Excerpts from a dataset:
◇ ◇ ◇
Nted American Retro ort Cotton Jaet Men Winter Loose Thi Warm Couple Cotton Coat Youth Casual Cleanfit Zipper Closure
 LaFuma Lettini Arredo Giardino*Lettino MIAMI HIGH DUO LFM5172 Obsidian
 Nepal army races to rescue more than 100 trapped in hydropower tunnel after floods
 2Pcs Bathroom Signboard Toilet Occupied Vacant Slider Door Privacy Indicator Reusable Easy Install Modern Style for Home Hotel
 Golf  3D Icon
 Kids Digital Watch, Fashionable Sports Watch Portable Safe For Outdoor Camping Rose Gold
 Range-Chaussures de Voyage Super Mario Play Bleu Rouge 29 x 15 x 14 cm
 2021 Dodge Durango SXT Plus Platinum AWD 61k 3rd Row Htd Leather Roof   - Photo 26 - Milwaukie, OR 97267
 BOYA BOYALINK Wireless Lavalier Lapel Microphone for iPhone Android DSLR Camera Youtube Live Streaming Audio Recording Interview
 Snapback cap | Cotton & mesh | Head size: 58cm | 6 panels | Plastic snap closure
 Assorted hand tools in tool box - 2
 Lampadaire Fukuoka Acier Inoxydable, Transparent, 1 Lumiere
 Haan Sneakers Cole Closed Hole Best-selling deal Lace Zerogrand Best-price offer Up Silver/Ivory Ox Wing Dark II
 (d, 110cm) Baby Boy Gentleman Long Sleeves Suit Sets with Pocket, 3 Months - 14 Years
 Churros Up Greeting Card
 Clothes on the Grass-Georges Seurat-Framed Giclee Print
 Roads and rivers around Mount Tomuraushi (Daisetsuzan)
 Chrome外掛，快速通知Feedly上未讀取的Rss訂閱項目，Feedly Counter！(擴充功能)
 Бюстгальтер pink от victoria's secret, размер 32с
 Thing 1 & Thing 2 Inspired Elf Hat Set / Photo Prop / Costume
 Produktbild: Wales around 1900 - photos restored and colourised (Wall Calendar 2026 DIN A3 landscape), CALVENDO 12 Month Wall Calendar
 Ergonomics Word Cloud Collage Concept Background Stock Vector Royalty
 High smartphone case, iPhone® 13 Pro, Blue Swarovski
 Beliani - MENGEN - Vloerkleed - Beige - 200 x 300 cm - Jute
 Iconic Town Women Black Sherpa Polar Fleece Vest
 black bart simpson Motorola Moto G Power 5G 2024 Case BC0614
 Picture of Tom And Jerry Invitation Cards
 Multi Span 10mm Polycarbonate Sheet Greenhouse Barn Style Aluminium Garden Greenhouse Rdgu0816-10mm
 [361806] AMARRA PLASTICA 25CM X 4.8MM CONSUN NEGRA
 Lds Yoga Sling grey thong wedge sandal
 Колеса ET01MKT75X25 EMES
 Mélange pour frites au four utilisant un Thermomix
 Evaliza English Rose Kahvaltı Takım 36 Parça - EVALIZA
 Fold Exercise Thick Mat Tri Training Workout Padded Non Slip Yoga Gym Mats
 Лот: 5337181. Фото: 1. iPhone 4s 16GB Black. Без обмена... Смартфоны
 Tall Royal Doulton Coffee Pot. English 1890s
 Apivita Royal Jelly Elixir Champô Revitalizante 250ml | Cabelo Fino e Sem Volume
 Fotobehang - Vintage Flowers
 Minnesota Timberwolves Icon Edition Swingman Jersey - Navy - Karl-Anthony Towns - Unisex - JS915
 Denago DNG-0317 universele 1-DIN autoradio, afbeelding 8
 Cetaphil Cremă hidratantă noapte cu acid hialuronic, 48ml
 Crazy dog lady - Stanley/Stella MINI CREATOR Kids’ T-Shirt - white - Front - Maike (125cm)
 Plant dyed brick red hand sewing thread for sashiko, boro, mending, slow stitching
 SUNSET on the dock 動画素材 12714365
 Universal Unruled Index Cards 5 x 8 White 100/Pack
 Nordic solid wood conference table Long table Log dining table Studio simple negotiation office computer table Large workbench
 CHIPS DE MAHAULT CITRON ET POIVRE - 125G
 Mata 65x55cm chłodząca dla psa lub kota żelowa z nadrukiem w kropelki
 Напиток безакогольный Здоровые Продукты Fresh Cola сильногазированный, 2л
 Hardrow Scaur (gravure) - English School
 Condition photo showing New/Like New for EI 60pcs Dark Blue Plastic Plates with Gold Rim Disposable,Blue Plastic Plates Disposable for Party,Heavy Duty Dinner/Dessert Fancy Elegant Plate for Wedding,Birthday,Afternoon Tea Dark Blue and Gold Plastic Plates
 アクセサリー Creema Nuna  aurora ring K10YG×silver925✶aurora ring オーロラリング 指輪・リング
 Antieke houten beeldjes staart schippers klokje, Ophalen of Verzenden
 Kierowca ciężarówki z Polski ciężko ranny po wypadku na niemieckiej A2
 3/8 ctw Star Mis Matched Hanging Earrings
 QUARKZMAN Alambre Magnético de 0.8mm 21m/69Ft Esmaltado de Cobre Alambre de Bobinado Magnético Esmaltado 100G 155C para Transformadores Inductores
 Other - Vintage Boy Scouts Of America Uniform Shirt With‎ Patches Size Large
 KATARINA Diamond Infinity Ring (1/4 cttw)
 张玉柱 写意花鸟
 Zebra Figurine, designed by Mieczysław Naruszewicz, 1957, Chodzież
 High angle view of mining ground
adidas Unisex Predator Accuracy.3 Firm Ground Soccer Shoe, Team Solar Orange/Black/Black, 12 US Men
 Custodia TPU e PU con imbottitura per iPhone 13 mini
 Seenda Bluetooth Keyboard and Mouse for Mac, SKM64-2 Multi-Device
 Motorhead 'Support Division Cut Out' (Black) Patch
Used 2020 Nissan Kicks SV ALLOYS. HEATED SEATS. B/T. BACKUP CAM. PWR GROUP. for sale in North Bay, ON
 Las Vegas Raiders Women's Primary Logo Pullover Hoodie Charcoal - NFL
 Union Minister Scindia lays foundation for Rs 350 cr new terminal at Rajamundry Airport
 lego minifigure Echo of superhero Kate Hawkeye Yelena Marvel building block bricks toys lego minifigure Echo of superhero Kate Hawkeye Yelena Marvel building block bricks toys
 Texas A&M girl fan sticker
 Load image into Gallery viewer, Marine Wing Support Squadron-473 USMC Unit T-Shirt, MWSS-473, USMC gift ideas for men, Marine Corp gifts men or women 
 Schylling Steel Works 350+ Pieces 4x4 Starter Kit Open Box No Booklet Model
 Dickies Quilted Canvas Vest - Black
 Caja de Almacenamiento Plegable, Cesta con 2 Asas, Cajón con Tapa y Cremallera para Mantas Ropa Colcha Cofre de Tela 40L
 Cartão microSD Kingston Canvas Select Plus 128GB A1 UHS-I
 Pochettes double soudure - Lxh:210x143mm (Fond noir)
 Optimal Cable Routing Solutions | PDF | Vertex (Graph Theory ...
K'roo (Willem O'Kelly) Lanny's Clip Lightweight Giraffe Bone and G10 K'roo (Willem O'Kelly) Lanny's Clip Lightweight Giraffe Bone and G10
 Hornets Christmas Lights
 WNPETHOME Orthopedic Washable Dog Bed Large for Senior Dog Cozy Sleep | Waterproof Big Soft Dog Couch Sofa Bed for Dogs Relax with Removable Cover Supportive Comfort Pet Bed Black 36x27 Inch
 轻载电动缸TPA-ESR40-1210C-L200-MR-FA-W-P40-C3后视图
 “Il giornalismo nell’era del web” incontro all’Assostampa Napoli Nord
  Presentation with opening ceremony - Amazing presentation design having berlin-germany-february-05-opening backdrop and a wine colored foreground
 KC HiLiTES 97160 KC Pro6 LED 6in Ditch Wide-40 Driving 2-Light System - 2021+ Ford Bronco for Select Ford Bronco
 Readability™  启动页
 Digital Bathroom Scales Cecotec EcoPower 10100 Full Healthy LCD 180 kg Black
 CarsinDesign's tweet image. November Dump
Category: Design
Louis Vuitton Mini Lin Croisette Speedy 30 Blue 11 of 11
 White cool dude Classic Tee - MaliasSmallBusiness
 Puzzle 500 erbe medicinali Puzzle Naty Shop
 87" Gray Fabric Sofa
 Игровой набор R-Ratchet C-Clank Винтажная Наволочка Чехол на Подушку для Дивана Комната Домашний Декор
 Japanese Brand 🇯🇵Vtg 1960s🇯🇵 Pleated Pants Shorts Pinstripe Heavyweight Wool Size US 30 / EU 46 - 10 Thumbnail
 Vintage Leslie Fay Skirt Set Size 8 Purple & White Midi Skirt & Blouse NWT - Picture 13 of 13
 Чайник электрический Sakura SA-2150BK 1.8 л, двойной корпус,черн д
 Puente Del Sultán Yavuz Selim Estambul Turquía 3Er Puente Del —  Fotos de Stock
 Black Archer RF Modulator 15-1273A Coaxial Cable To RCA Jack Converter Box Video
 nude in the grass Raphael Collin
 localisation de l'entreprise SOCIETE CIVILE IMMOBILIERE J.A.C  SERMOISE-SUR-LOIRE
◇ ◇ ◇
Copy the records above exactly, beginning at the line that contains "Lampadaire Fukuoka Acier" and stopping after the line that contains "Thing 1 & Thing".

 Lampadaire Fukuoka Acier Inoxydable, Transparent, 1 Lumiere
 Haan Sneakers Cole Closed Hole Best-selling deal Lace Zerogrand Best-price offer Up Silver/Ivory Ox Wing Dark II
 (d, 110cm) Baby Boy Gentleman Long Sleeves Suit Sets with Pocket, 3 Months - 14 Years
 Churros Up Greeting Card
 Clothes on the Grass-Georges Seurat-Framed Giclee Print
 Roads and rivers around Mount Tomuraushi (Daisetsuzan)
 Chrome外掛，快速通知Feedly上未讀取的Rss訂閱項目，Feedly Counter！(擴充功能)
 Бюстгальтер pink от victoria's secret, размер 32с
 Thing 1 & Thing 2 Inspired Elf Hat Set / Photo Prop / Costume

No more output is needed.